Yes, it actually does. Way better. The backpack feels more like an extension of me rather than a punishment. It’s still heavy, but I can handle it.

“Anyway,” he says. “We’re completely safe here, wolf-wise. Better chance of spotting a werewolf.”

“Oh, you’d like that, wouldn’t you, Bram Stoker?”

“He wrote about vampires.”

“Same difference.”

“Do you enjoy being wrong?” he asks.

“I enjoy your sanctimonious defense of fictional creatures.”

He chuckles. “I will gladly defend all woodland-bound fictional creatures. Werewolves, bigfoots, and definitely any wendigos. But, hey. You’ll be happy to know that wendigos aren’t native to California either. So you don’t have to worry about a cannibalistic monster eating you for dinner in the middle of the night.”

“This has been a great talk,” I say. “Thanks so much for alleviating my fears.”

He smiles down at me—the warm, boyish smile I used to know and love so well—and my stomach flutters wildly. “I live to give you nightmares, Zorie.”

“Hey,” I complain good-naturedly. “Not nice.”

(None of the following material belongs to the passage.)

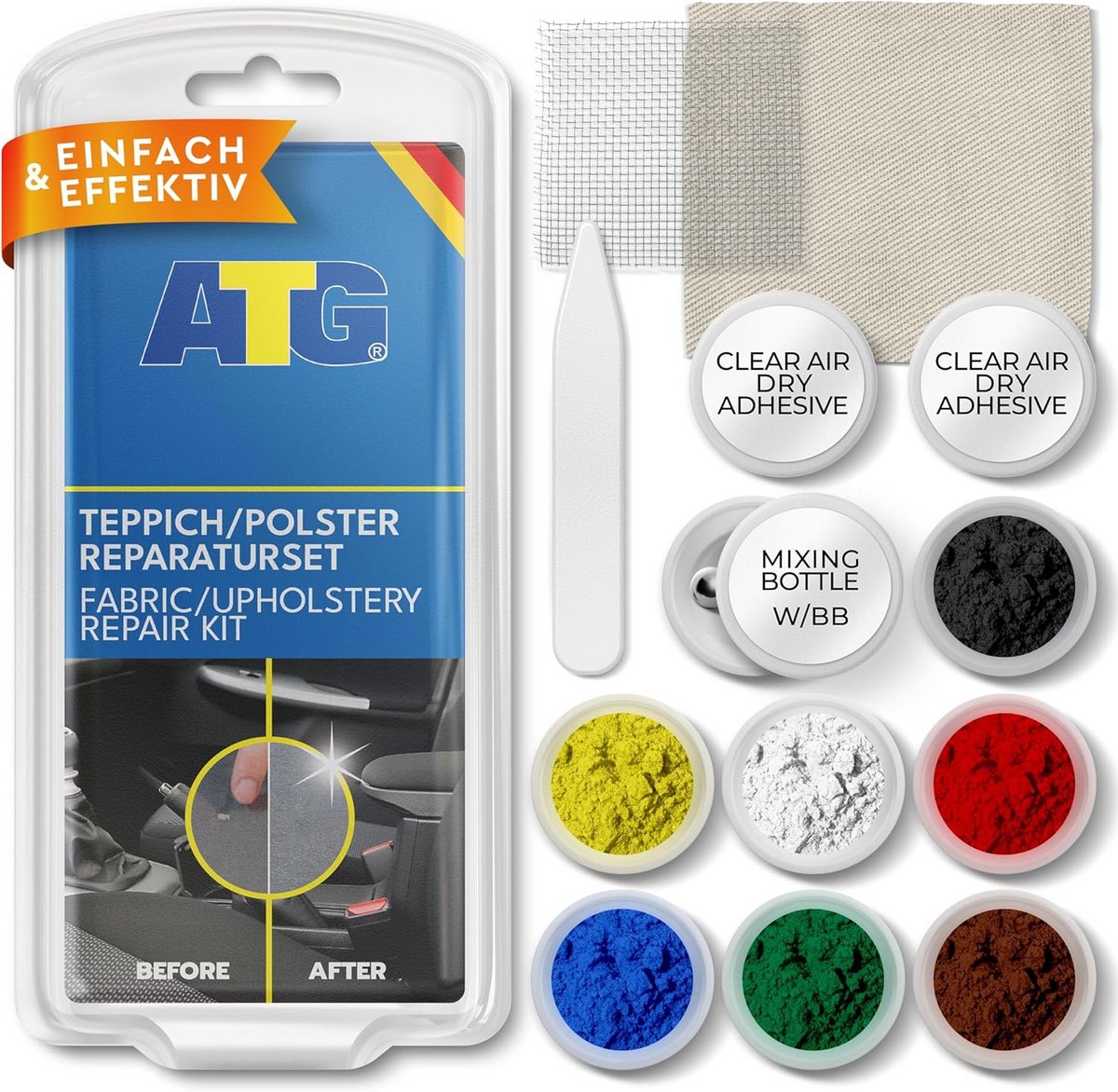 Reparatieset Bekleding Auto: Herstel Brandgaten, Scheuren en Schade in Stoelen en Stof (13-delig)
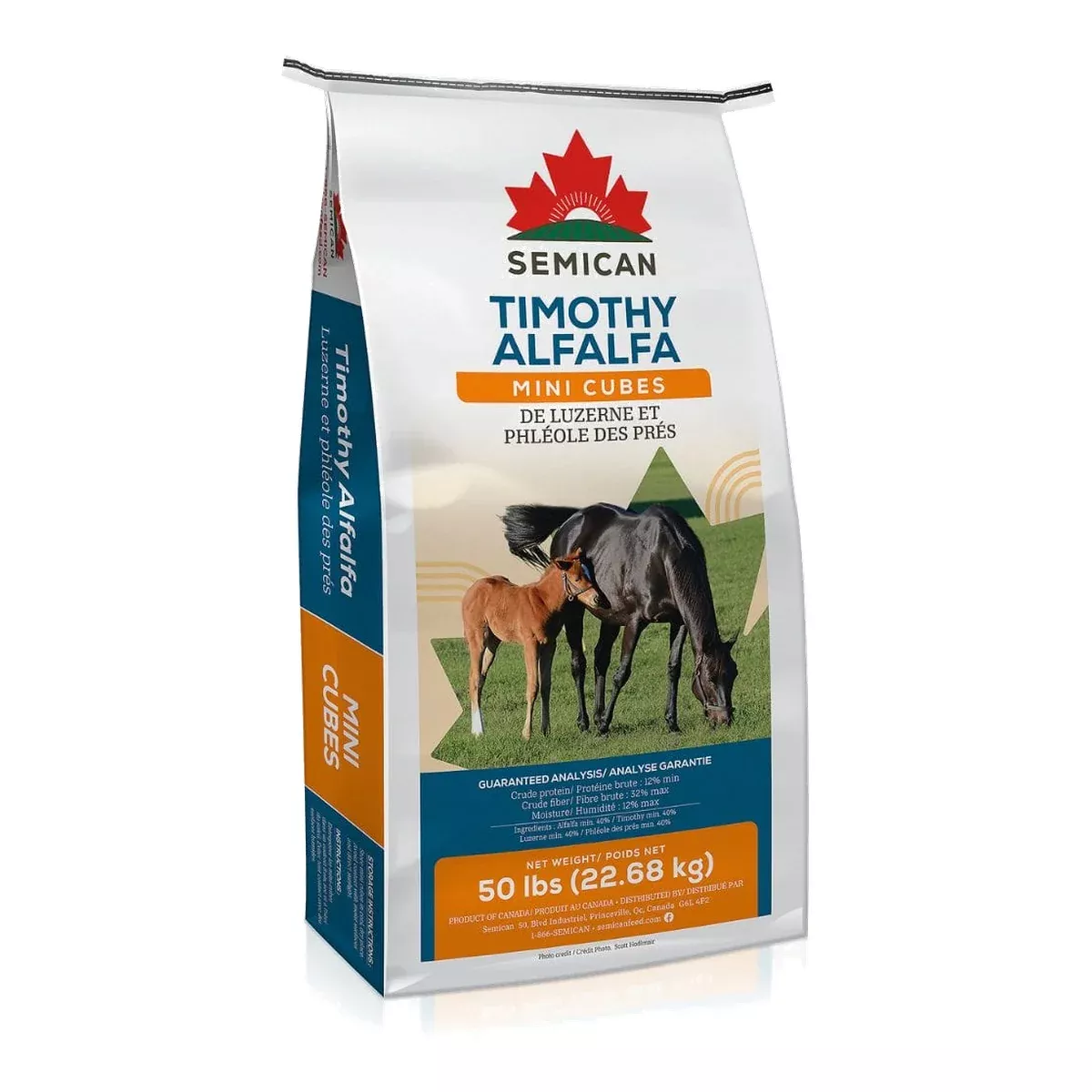 Semican Mini Size Timothy & Alfalfa Cubes Horse Feed, 50 lb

“Not at all,” he says, still smiling.

And I can still feel the warmth of that smile long after he turns around to catch up with the group.

*

A few minutes into the next leg of our hike, the unmarked trail bends upward, and we’re now battling an uphill climb. One that’s rocky and dry and uncomfortably warm as the temperature rises with the elevation. But halfway up, we enter a forest of red firs. Their branches are heavy with pinecones, and they help with shade . . . just not with the incline. Hiking on flat ground isn’t so bad; hiking on an incline with rocks poking the bottoms of your shoes is torment of the damned. I concentrate on Lennon’s bear bell. Its jingle, along with my own bell’s answering jangle, is strangely soothing, and this reassuring rhythm helps me put one foot in front of the other.